Thursday, February 9, 2012

Chapter 15

All of the time I had lived with Bob and Barb, I had been told my father was Bob's mortal enemy... Marvin Dixon.
Marvin Dixon was an Army buddy of Bob's  when they were stationed in Panama.
They now despised each other.
I was told every time I was beaten.
"You're Marvin's daughter. He is scum. 
You are  scum. I hate you.
I hate him. Now bend over and drop your pants because I'm going to beat you until you will wish you had never born," He would say it again and again and as he would unbuckle his belt his rage would build. 


My new way of getting beatings from Bob was to fight it like an animal.
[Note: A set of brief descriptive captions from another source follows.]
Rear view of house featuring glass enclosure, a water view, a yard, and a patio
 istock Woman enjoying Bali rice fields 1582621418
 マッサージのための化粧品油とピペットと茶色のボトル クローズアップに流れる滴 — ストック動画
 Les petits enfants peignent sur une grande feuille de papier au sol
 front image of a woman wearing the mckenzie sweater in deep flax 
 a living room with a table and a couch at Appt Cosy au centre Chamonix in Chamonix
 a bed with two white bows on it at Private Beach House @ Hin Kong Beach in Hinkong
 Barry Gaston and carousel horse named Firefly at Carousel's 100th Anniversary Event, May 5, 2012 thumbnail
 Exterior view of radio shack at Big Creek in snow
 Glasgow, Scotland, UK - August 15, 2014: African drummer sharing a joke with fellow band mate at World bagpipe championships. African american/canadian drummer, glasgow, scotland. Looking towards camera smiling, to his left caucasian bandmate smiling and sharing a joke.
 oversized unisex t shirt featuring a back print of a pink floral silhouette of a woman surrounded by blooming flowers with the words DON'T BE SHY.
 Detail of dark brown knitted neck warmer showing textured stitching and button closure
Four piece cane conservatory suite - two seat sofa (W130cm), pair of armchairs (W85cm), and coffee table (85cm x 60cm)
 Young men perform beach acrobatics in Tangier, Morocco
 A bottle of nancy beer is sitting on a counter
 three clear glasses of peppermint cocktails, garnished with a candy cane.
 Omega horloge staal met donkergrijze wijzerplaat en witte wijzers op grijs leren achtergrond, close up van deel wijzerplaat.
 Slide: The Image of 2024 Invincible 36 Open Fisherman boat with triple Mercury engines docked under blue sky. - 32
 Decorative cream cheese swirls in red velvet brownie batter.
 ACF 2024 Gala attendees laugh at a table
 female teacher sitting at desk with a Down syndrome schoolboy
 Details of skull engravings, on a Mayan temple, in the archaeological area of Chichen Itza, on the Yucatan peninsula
His dentures would be across the room, his glasses broken.
He would be exhausted by the end of it and I would be bloody but triumphant.  Being small and underweight was to my advantage.
I could writhe and wiggle and move and squirm. I could escape any hold this giant of a man had me in just a few deft moves.
I was small but quick. He was big but slow.
His blows would miss the mark more now that I fight back. When they did hit their mark, they were bloody and brutal but I felt I was doing SOMETHING. 
My fight was in me. 
My sister would beg me not to fight him because the blows landed on my face and chest and back of my legs but fighting kept me from crumbling inside.  He was beating my body but not my mind. 
There was a part inside me that I vowed he would never touch.
I fought.  I would not go easy.


One particular day I will never as long as I live forget, Barbara brought me some really cute clothes. She had them laid out on my bed.
A pale blue and cream plaid wool skirt, a white crisp blouse and a  soft baby blue fuzzy cardigan sweater. 
A nice pair of black and white oxford shoes and ruffled white socks.
I was told to scrub my face and put the clothes on and wait in my room upstairs.
I was so excited about the clothes. I loved the softness of the fabrics and the smell of new clothes to this day makes me happy.
I put the clothes on and felt like a Princess. This was how my friends at school dressed everyday!
I felt so mod and even though there was no mirror in the upstairs room, I knew these clothes were perfect!
I sat on my cot and waited.
I didn't mind. I loved feeling so dressed up and pretty.
Barbara comes upstairs and jerks me off the bed by my arm.
"You had better be on your best behavior tonight, do you hear me? Now get your ass downstairs and remember, I am watching you."


She reaches out to pinch my underarm as I pass to go downstairs but I quickly dodge her and move away to scurry down the stairs.  I feel her right behind me. 
I can hear her breathing hard as she tries to keep up and follow me down the steps. It is out of excitement for what's coming next or because she's angry she couldn't inflict her pain?


What is this about?


I go into the living room and there is a man there sitting on the couch across the room from Bob.
Barbara pushes me  forward so I am standing right in front of this stranger.
The man rises as I come closer.


"This is Lana."


He reaches out and takes my hand. I feel a sense of dread at his touch and pull away. 
He scares me. 
He motions me to sit next to him. I sit on the very edge, so careful not to wrinkle my new clothes and my gut telling me something is not right here.
Who is he?
What does he want?
This man gives me the creeps. 
When he looks at me, talks to me, touches me, I cringe inside.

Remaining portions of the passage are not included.